1. Field of the Invention
The invention described herein relates to data communications and, in particular, direct memory access (DMA).
2. Related Art
Remote DMA (RDMA) is a technology for transferring data from the memory of one computer or server to the memory of another, without involving a CPU or operating system of either machine. Because the data being transferred is not stored in application memory or in operating system buffers, RDMA is said to accomplish the transfer in a “zero-copy” manner.

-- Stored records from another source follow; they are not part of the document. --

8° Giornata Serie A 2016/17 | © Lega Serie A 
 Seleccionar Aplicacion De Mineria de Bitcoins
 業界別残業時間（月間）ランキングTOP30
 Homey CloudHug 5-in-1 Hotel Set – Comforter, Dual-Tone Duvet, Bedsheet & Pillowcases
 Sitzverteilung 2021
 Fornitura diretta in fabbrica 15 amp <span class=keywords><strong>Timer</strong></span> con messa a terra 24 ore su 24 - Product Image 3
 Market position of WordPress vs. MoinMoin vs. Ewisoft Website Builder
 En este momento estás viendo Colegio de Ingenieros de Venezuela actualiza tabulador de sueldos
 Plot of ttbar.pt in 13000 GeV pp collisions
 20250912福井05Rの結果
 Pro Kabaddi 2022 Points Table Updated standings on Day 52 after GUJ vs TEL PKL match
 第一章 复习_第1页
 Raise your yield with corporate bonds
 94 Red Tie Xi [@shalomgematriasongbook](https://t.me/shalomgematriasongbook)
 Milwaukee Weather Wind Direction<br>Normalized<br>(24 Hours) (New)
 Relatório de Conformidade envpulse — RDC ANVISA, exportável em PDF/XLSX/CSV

RDMA is typically implemented using a suite of three protocols—RDMA Protocol (RDMAP), Direct Data Placement (DDP) and Marker PDU Aligned Framing Protocol (MPA). RDMAP provides interfaces to applications for sending and receiving data. DDP slices outgoing data into segments that fit into TCP's Maximum Segment Size (MSS), and places incoming data into destination buffers. MPA provides a framing scheme that facilitates DDP operations in identifying DDP segments.
RDMA is a “shim”, a transport protocol suite on top of TCP. RDMA leverages TCP rather than inventing its own protocols for flow control, routing, data sequencing and so on. In principle, an RDMA message can be too large to fit into one TCP segment.
MPA is a framing protocol. It adds a marker into the data stream at a stride of every 512 bytes in the TCP sequence space. Markers assist the receiver in locating the DDP/RDMA header.
Unfortunately, insertion and removal of MPA markers are not friendly operations. Inserting markers into a continuous data stream creates a disruptive shuffle of the data stream. Insertion and removal of a RDMA CRC (cyclic redundancy code) digest is also difficult to handle efficiently.
Therefore there is a need for a system and apparatus with which MPA markers and CRC digests can be easily inserted and removed during RDMA communications.